Why women’s issues are everyone’s issues in Italy
Two years ago, I offered to take on the responsibility to set up and manage a series of conferences on ‘Diversity and Inclusion’ on behalf of the British Chamber of Commerce for Italy. Over the following eighteen months I had the opportunity to work with amazing people, among them an inspiring British diplomat, that happened to be gay, an enlightened entrepreneur, that happened to be twenty-one years young, a esteemed and gracious policewoman, that happened to be transgender and quite a few talented managers that happened to be women.
At every conference, the speakers walking on stage would open new windows on everyday life and offer attendees new and surprising perspective on ordinary issues.

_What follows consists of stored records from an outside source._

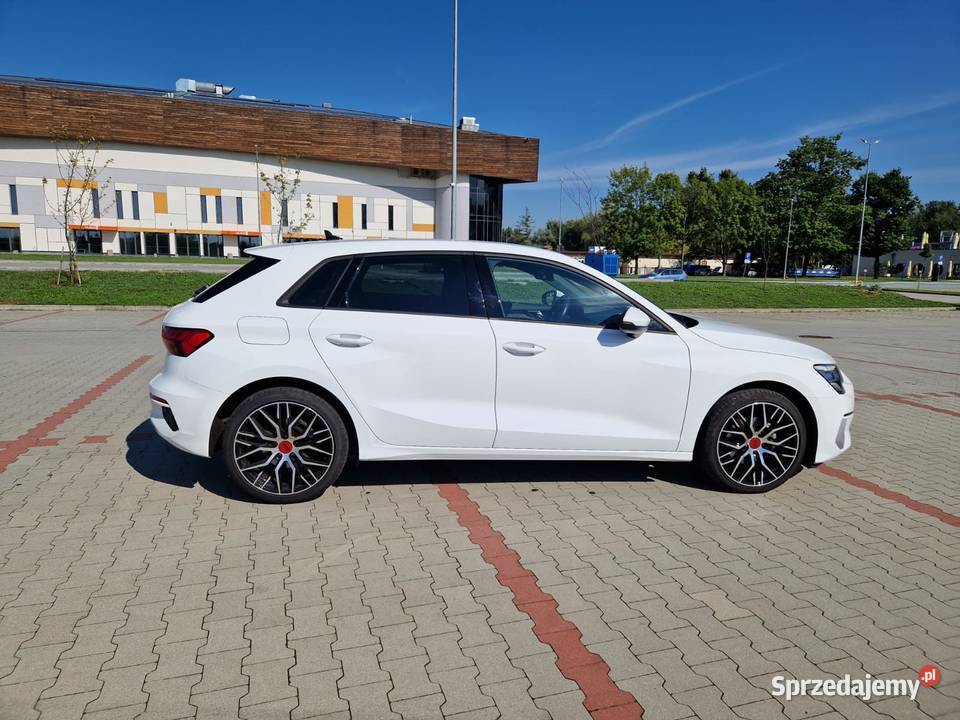 Audi A3 SPORTBACK 2022r 20 116 mały przebieg 86 małopolskie Wojnicz sprzedam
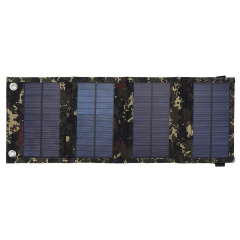 Солнечная панель Solar Power портативная зарядная станция складная с USB 5V - 10W камуфляж (SPH10) Славянск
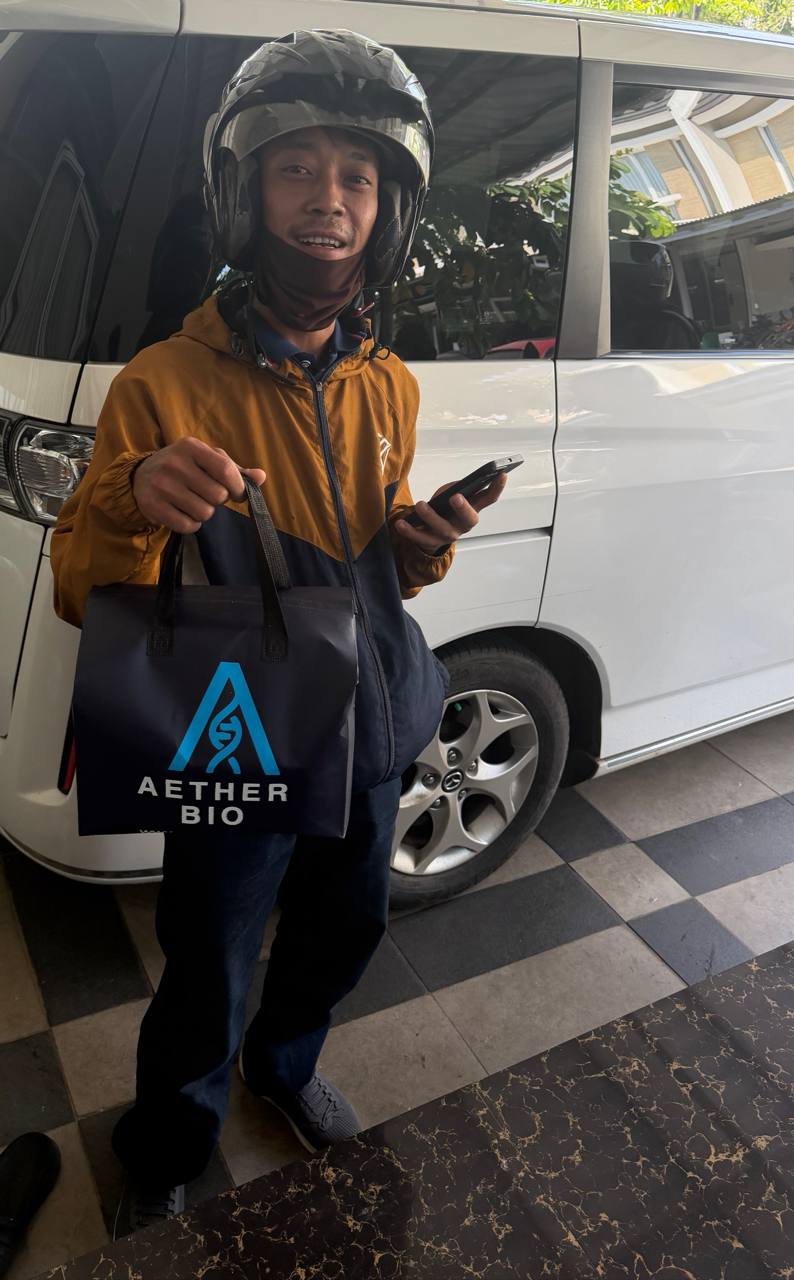 Delivered to Jakarta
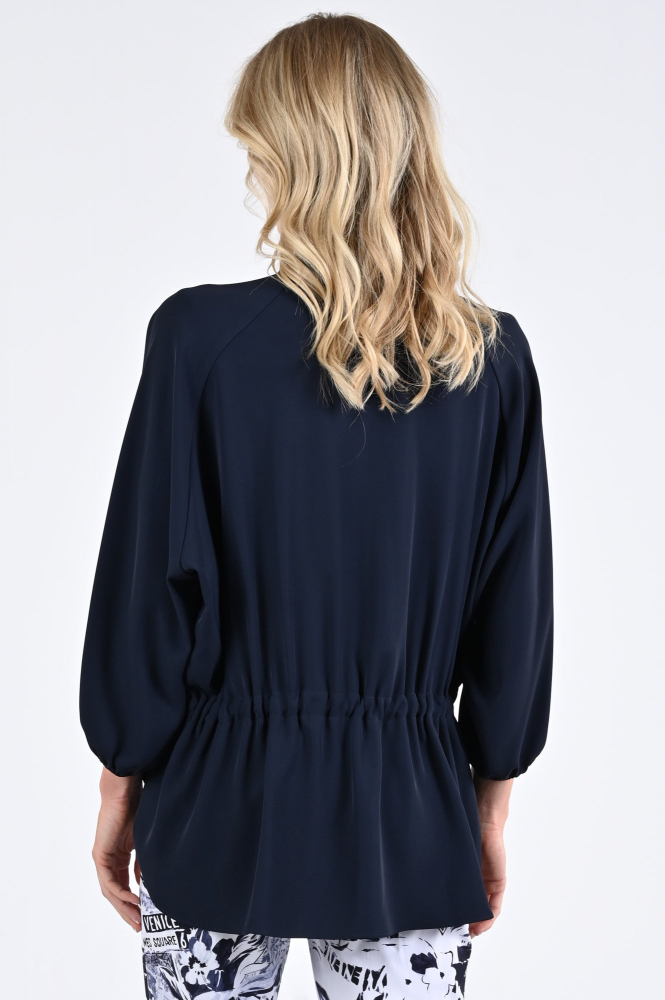 Joseph Ribkoff 261076 Blouse driekwart mouw Blauw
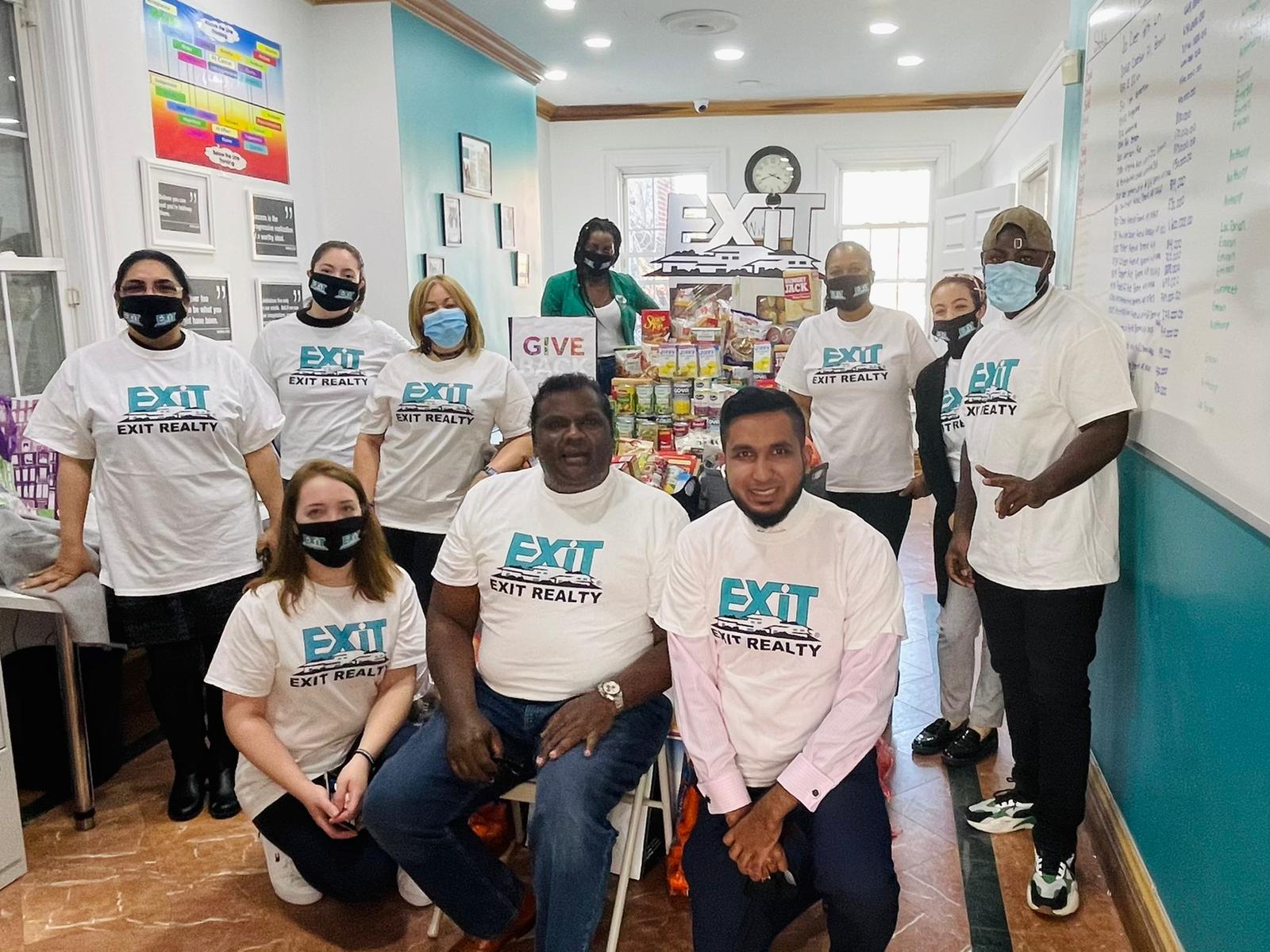 Anthony Domathoti and EXIT Realty Premium giving back to the community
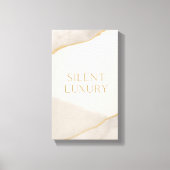Neutrale ästhetische Leinwand - Ruhe Luxus-Wohnges (Vorderseite)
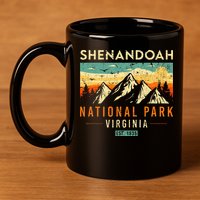 Shenandoah Est. 1935 Retro Virginia National Park 11oz C Handle Ceramic Mug
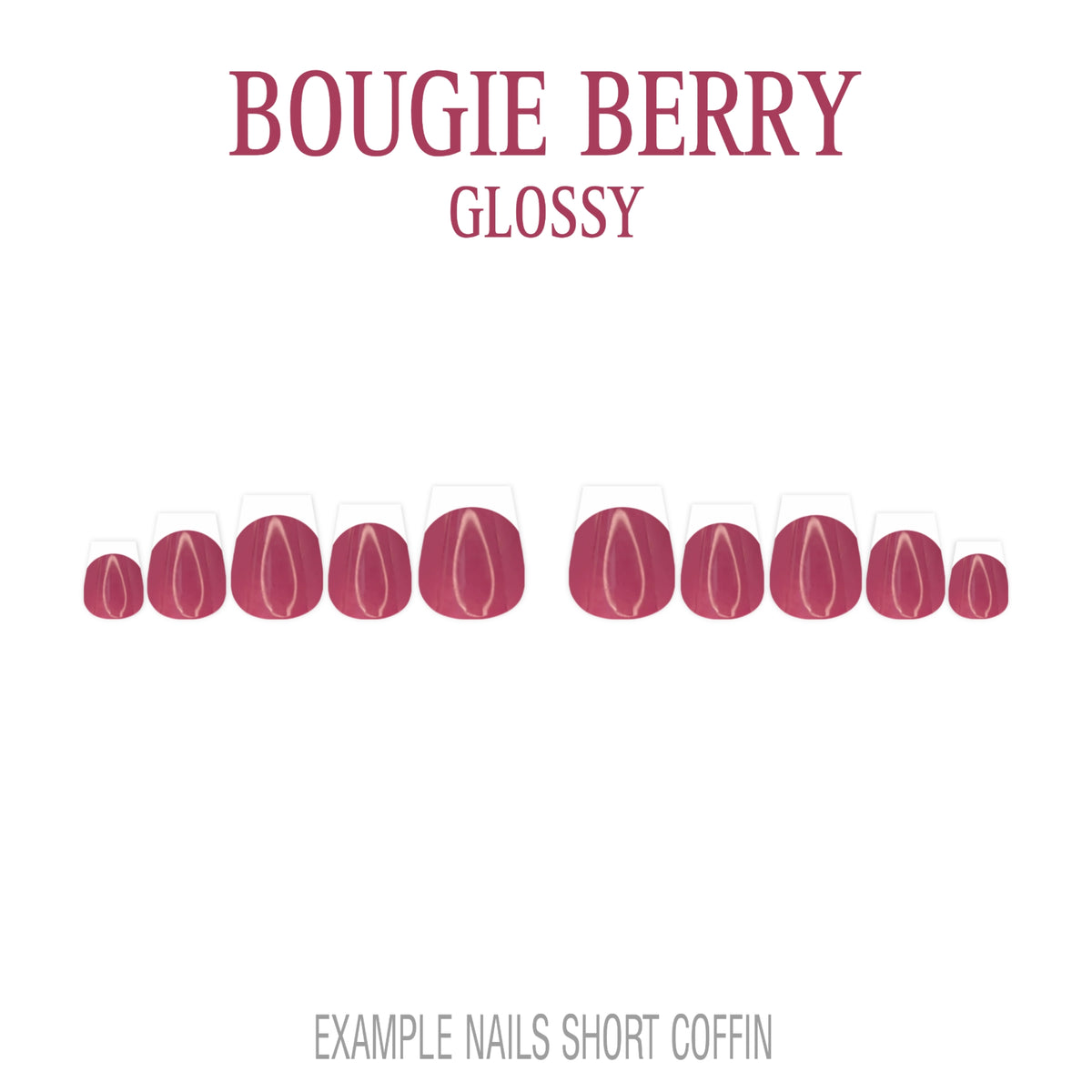 Bougie Berry berry pink French tip nails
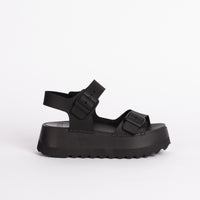 Gigi Sandal in Monochrome Black - Final sale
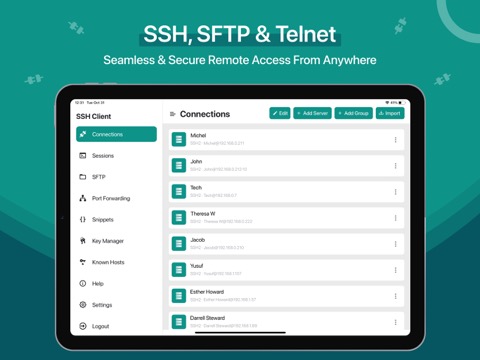 SSH Client - Terminal, Telnetのおすすめ画像1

The experience for each of the participants, including the speakers themselves, proved to be inspirational and invigorating; so much so that the British Chamber decided to extend the series for another year and push the envelope even further by moving the focus towards the issues of ‘dis-abilities’ and chronic diseases.
But let’s take a step back, and look at the topic of women, an issue that has been object of innumerable initiatives, campaigns, marches and focused legislation. Women’s rights are not a novelty, nor have they evolved so quickly that they would justify decades of efforts to overcome them. After giving it much thought I have matured a theory. My theory is that addressing women’s issues as such is flawed on various levels, hence its limited success in definitively overcoming the issue.
First of all, women’s issues are not issues ‘of women’. They are issues, because men are part of the equation, otherwise the issues would cease. I’m obviously not saying that it’s men’s fault that our society is having considerable difficulties with unleashing women’s full potential in the workplace, it’s a relationship issue and as with all relationship issues, it inevitably requires the active engagement of each of the parties involved if the issue is to be resolved.
The second reason why I think these issues should not be addressed as women’s issues is that each woman is different. Though some of the issues may be felt by a majority of women, we need to realize that sexual harassment, work-life balance, leadership by authority have brutal impacts on many employees that are not female. Just think of how a young introverted man might feel when facing his charismatic, 60-year-old, alpha male CEO, or how an ethnically diverse lawyer in a courtroom today might be penalised by his heritage, or how unequipped companies are, and how challenging career paths must be for a single father who must attend to his children while satisfying the expectations of a traditional work environment. These issues should not be labeled as women’s issues any longer.
Lastly, we must recognize that the power struggles, prejudice, miscommunications and difficulties in getting alternative approaches taken into serious consideration, hindering many women’s contribution to a company’s value creation, are not limited to women.
We need to stop preaching to the choir. If at the next Women Leadership seminar you are speaking to a room full of women, where men are less then ten percent of the audience, it is likely that you are hammering a nail in the sand. Also, it’s time to engage the workforce as a whole, and to do that the first step is changing our vocabulary and stop branding outdated leadership models as misogynous. This practice is backfiring against women and preventing all the men that would stand to benefit from change, from joining the peaceful revolution of our workplace.
Consumers today expect companies to reflect the values being taught in school and promoted by mass media. Though there are still plenty of examples of women being objectified and gay men being taunted, fortunately there are also many wonderful examples of business embedding Diversity and Inclusion (D&I) in their core values, and in everyday practice. Often these examples appear where you would not expect them.
You see them in traditional companies like Banca d’Italia, which has had a D&I program for many years, highly competitive law firms like Hogan Lovells, which is continuously engaged in LGBT initiatives, or Lloyd’s of London that, through its first ever female CEO, is advancing inclusion with ground breaking projects. The examples are everywhere and they accelerating in their growth. Most importantly, this contagious thirst for an ever more inclusive environment is proving a phenomenal way to release untapped internal resources, to access new markets, increase efficiency and attract loyal customers.
Diversity is key and there are greater benefits for those that lead this positive and fast growing social trend.